On 01/11/2017 09:52 AM, John Hubbard wrote:
> Hi,
> 
> I would like to attend this topic that Jerome has proposed. Studying the 
> kernel is a deep personal interest in addition to my career focus, and it 
> would be a rare privilege to work directly with some of you to converge 
> on some nice, clean designs for the kernel and these "new" 
> (page-fault-capable) devices that we have now. Here's what I can bring to 
> the discussion:
> 
> a) An NVIDIA perspective on, and experience with, using the HMM patchset, 
> versions 1-15, at the device driver level. In addition to working on the 
> nvidia-uvm.ko driver (which handles CPU and GPU page faulting) since its 
> inception, I've also helped develop and maintain various facets of our GPU 
> device driver for Linux, for the last 9 years.
> 
> As a semi-relevant aside, our company is allocating engineering time, 
> including mine, for long-term kernel projects such as this one. We want to 
> participate in maintaining and improving the kernel. I find that highly 
> encouraging and I hope others do, too. Times really are changing.
> 
> b) Some thoughts about the dividing line between core kernel and drivers. 
> Our device drivers are starting to push the limits of what drivers should 
> really do (we are heading perhaps too deeply into memory management), and 
> of course I want to avoid going too far. For example, I've seen 
> recent comments on linux-mm that drivers shouldn't even take mmap_sem, 
> which is intriguing.

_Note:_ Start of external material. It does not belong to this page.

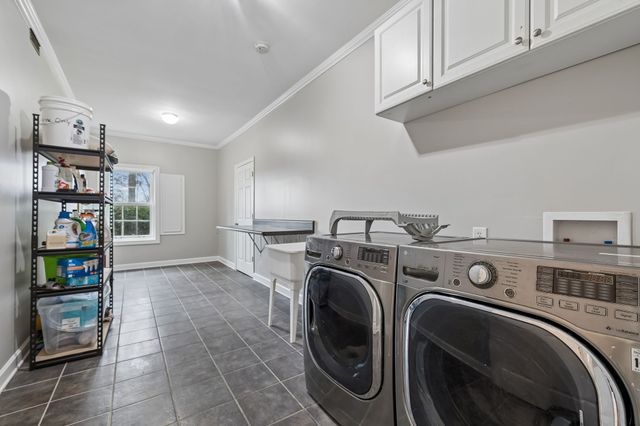 1019 Hilton Ln, Castalian Springs, TN 37031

We need to provide...something for that, though. 
> 
> c) Some thoughts about dealing with both HMM and ATS in the same driver 
> (our devices have to support both--although, not at the same time).
> 
> --
> 
> For this discussion track, I'm especially interested in simultaneously 
> considering:
> 
> 1. HMM (Jerome's Heterogeneous Memory Management patchset): this solves a 
> similar problem as ATS (Address Translation Services: unified CPU and
> Device page tables), but without the need for specialized hardware. There 
> is a bit of overlap between the HMM and ATS+NUMA patchsets, as has been 
> discussed here before.
> 
> 2. IBM's ATS+NUMA patchset.
> 
> 3. Page-fault-capable devices in general.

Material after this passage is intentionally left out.